ユダヤ人と私 その11 「戦場のピアニスト」

映画は、私たちが文字で学ぶ歴史を可視化してくれる不思議なメディアです。歴史の場にいなくても歴史の事実を追体験させてくれ、我々の知性や悟性を大いに刺激してくれます。

「The Pianist」という映画がありました。ここに登場するのは、第二次大戦のポーランド・ワルシャワ(Warsaw)と苦悩する市民です。破壊尽くされた街を一人の男がとぼとぼと食料かなにかを求めて歩いています。これが有名なピアニスなどとは誰も想像できません。戦争は人間を貴賤の別なく、哀れな存在としておっぽり出すのです。栄光も名誉もかなぐり捨てて食べ物をあさる人々がそこにいるのです。

「The Pianist」は、ポーランドに住み、ピアニストとして活躍していたユダヤ人ウワディスワフ・シュピルマン(Whadyshaw Szpilman)の生き様を描いています。

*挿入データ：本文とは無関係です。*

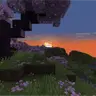 1.20 Background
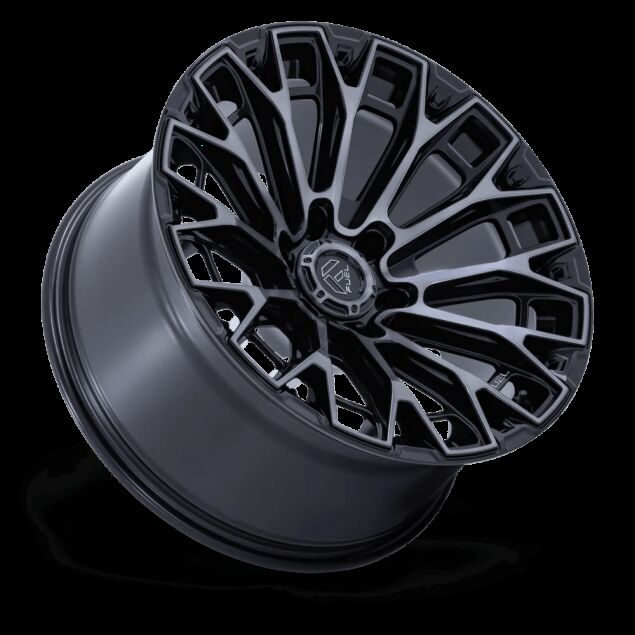 WLPFUEFUEL-TRAX-FC882-20X10-6-ET-18-GLOSS-BLACK-N-MACHINED-FACE-DARK-W-TINTED-CLEAR-A2.png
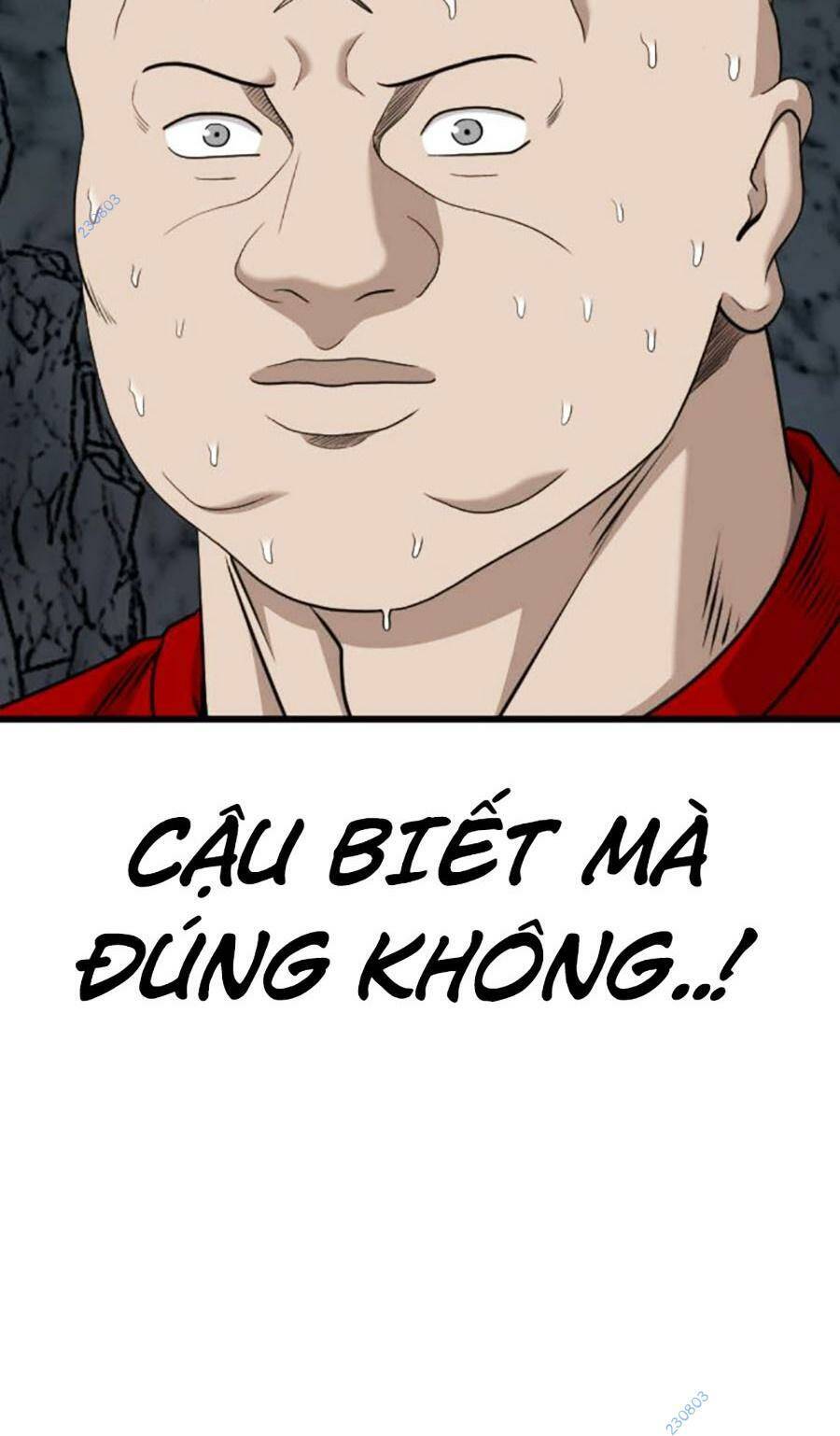 Chương 180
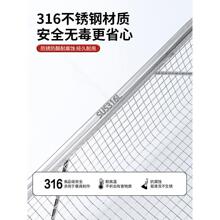 ��316ˮ�۞rˮ�@���P䓏N��ˮ����sϴ����ܶ๦�ܲ;����rˮ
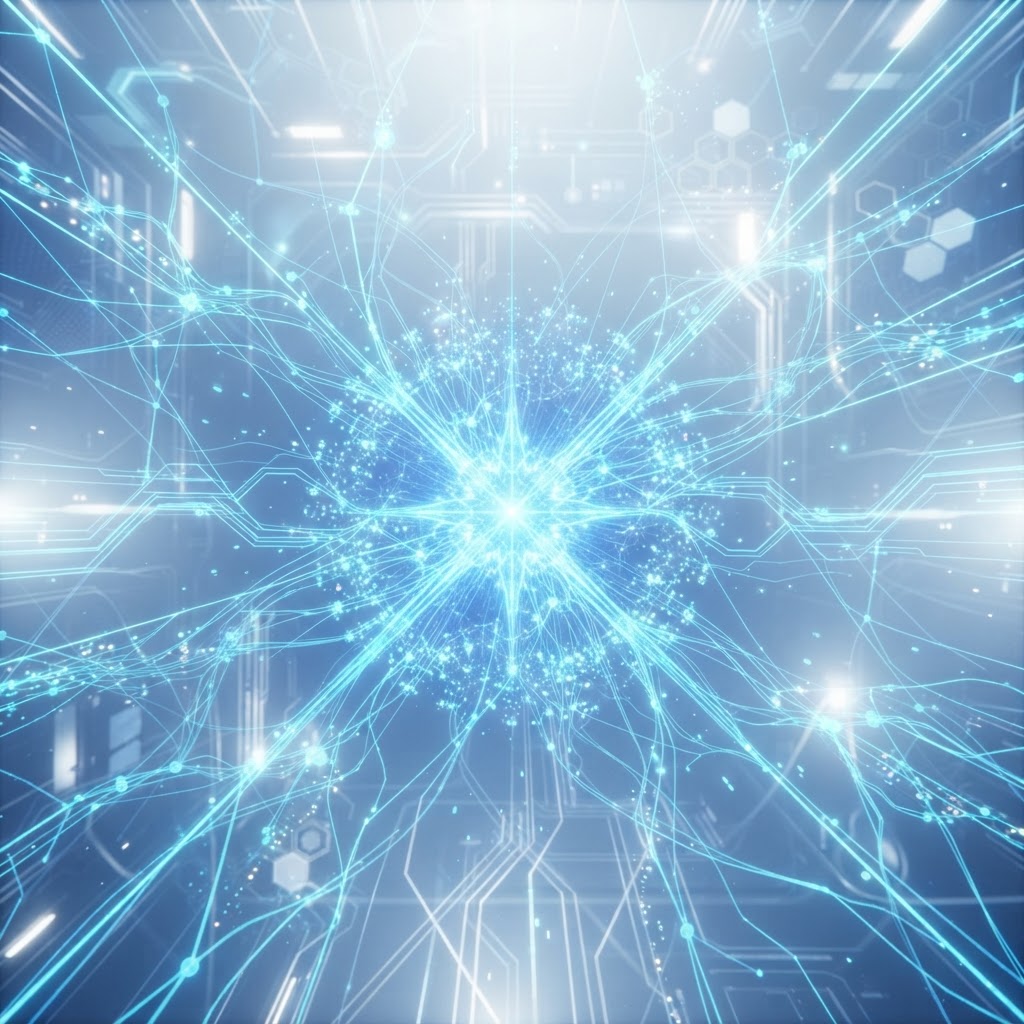 Ransomware Affiliates Deploy 'Phantom' AI Agents to Automate Corporate Intrusions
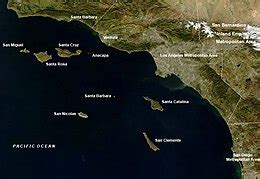 channel islands wikipedia|channel islands history and facts.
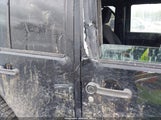 JEEP WRANGLER UNLIMITED SPORT 1C4BJWDG7DL542684 photo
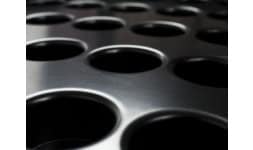 Lamina de plastico esd - Tecnología en Lámina Plástica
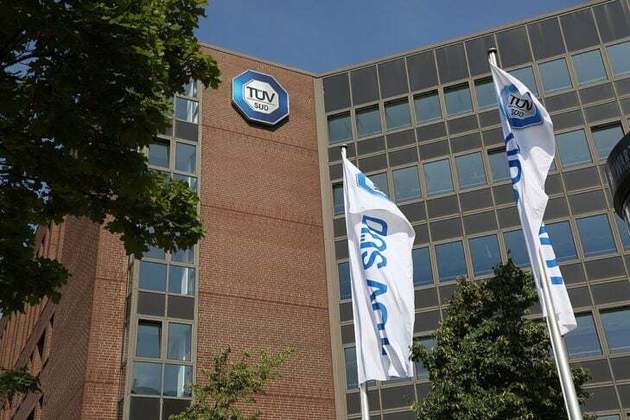 Neste momento, os acusados estão apresentando suas defesas e a TÜV SÜD está sendo processada na Alemanha, onde a empresa tem sua sede.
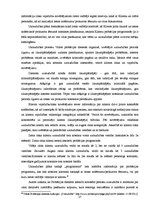 Research Papers 'Valsts probācijas dienesta struktūru kompetence, funkcijas un probācijas princip', 27.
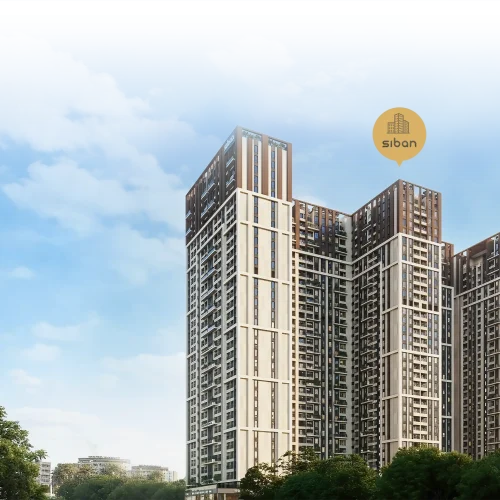 siban-Location-highlight-2x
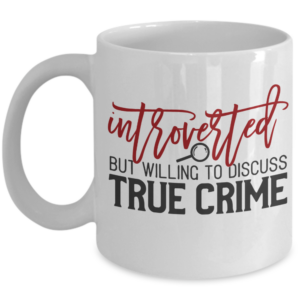 Introverted-coffee-mug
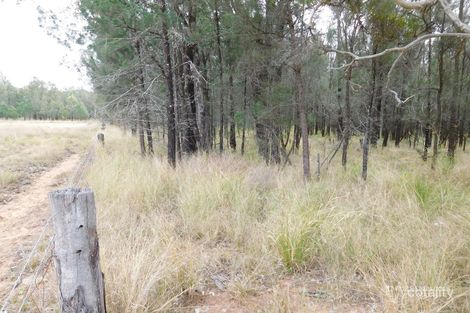 1926 Kumbarilla Lane, Kumbarilla, QLD 4405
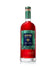 Campari Cask Tales Tequila Barrels Bitter Aperitif 1Lt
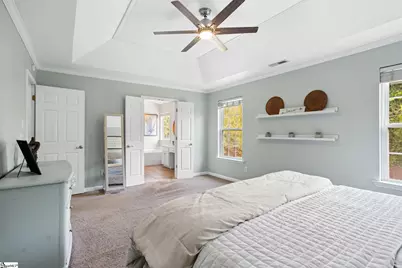 14 Surrywood Drive, Greenville, SC 29607 - Photo 27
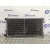Radiador Agua para Seat Ibiza
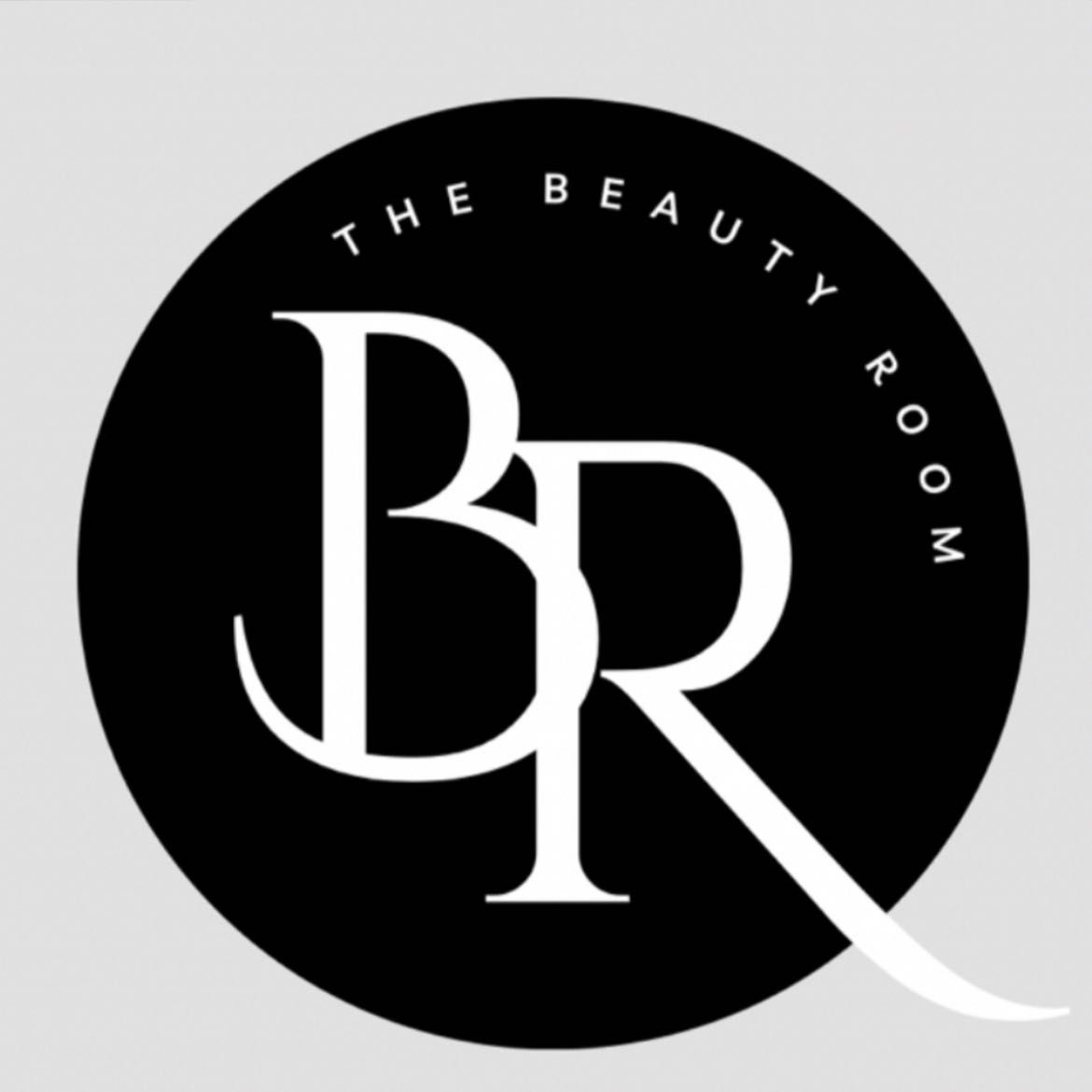 The Beauty Room, Old Doncaster Road, Wath, S63 7EU, Rotherham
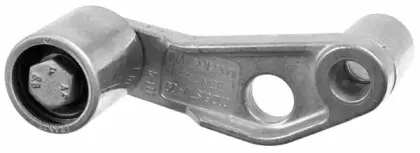 lemforder-2668801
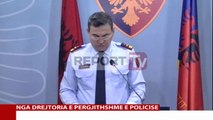Report TV - Çako shkrin policinë e Elbasanit: Të paaftë, ikin 12 drejtues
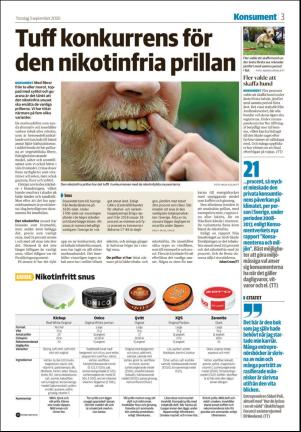 nyaludvikatidning_seksjon-20200903_000_00_00_003.pdf
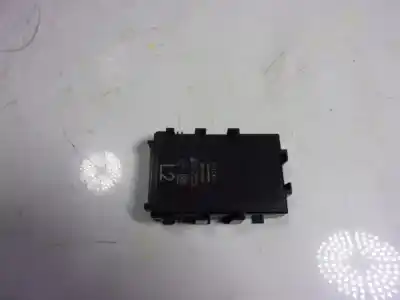 Peça sobressalente para automóvel em segunda mão MÓDULO ELETRÔNICO por TOYOTA C-HR  Referências OEM IAM 8911102051 50136669 8911102051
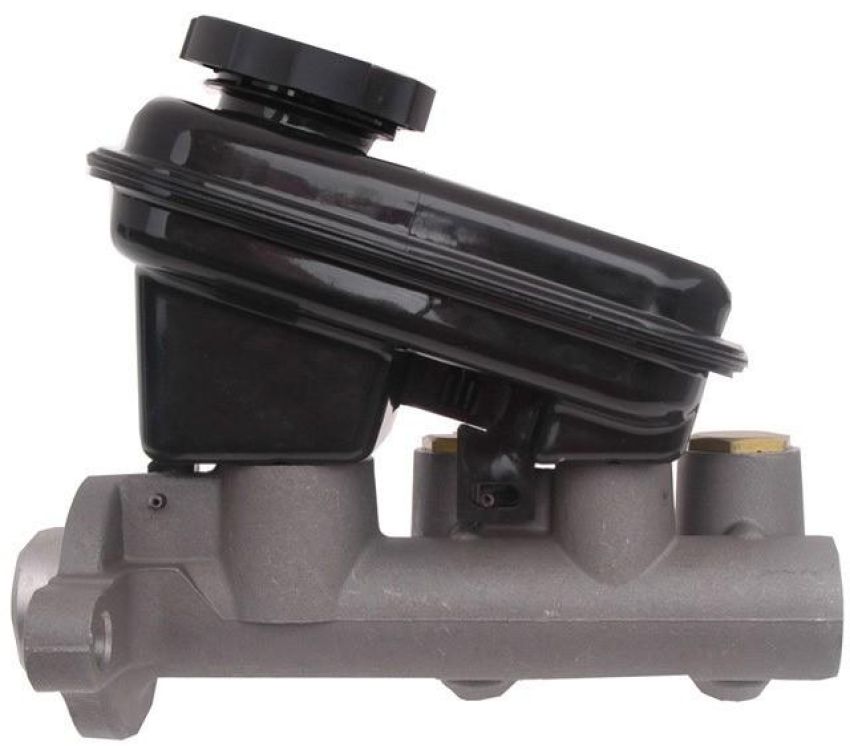 Raybestos MC39583 Raybestos Element3 New Master Cylinder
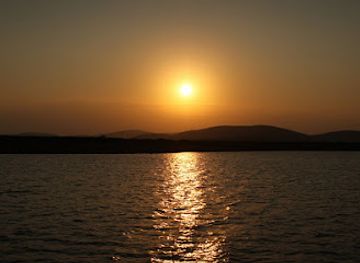 south-africa/zululand/landmark/pongola-game-reserve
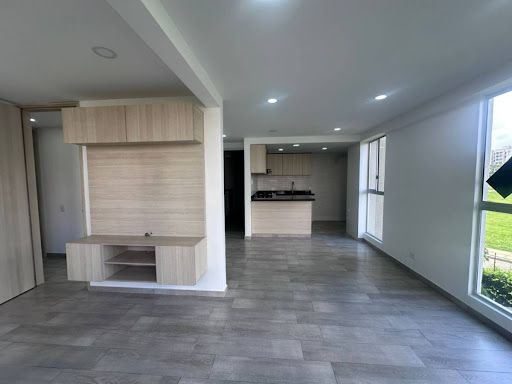 Apartamento en arriendo Valle Del Cauca Cali Conjunto Residencial Riveras Del Valle 61 m2 Habitaciones 2 Baños 2 Garajes 0 Precio $1300000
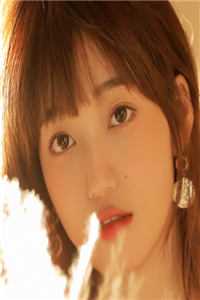 精品文小狐狸走后，我身边多了个美女老婆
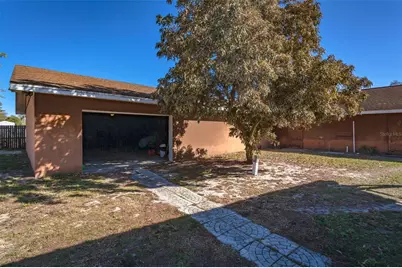 1331 34th Street NW, Winter Haven, FL 33881 - Photo 23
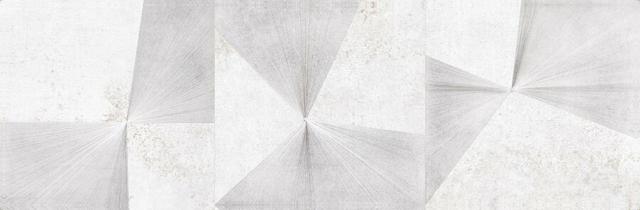 Lezama Blanco 31.5Х100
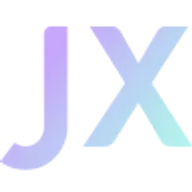 Jervex.com Favicon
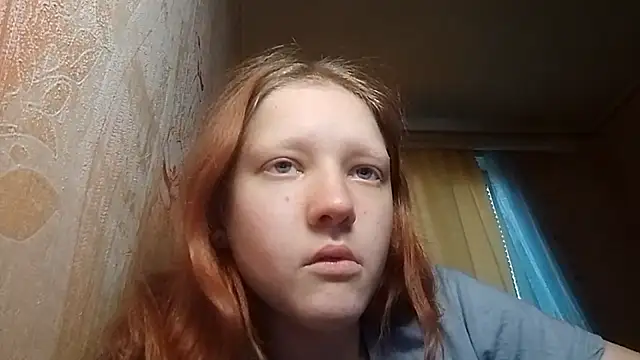 BirgitKamal live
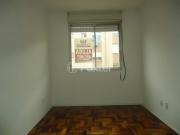 Apartamento com 2 dormitórios em Porto Alegre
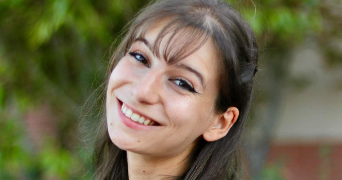 léana pet sitter à Saint-Germain-en-Laye 78100_0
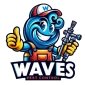 Waves Pest Control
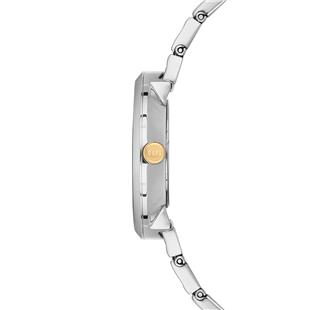 U.S. Polo Assn. USPA2002-06 Kadın Kol Saati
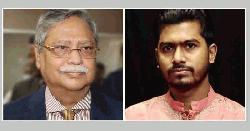 নুরের শারীরিক অবস্থার খোঁজ নিলেন রাষ্ট্রপতি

シュピルマンは、廃墟でピックルス入りの缶詰を拾い、それを開けようとします。そこにドイツ軍将校が立っています。「お前は誰か?」、「お前の職業はなんだったのか?」とシュピルマンにきく。

シュピルマン:「ピアニストだった。」
将校:「では弾いて貰おうか。」

半信半疑の将校は、ピアノのある部屋にシュピルマンを案内します。こうしてシュピルマンはピアノに向かってしばらく沈黙し、そして意を決して弾き始めます。曲はショパン(Frederic Chopin)のバラード一番、ト短調(Ballade NO.1, G minor)。戦争の最中、将校は至福の時間を過ごすかのように聞き惚れるのです。

弾き終わると自分のマントを寒さにあえぐシュピルマンに与えます。その時からピアニストに食料を届けるのです。将校の名はウィルム・ホーゼンフェルト(Wilm Hosenfeld)。弾く者と鑑賞できる者に国籍はいりません。この瞬間に二人には戦争もありません。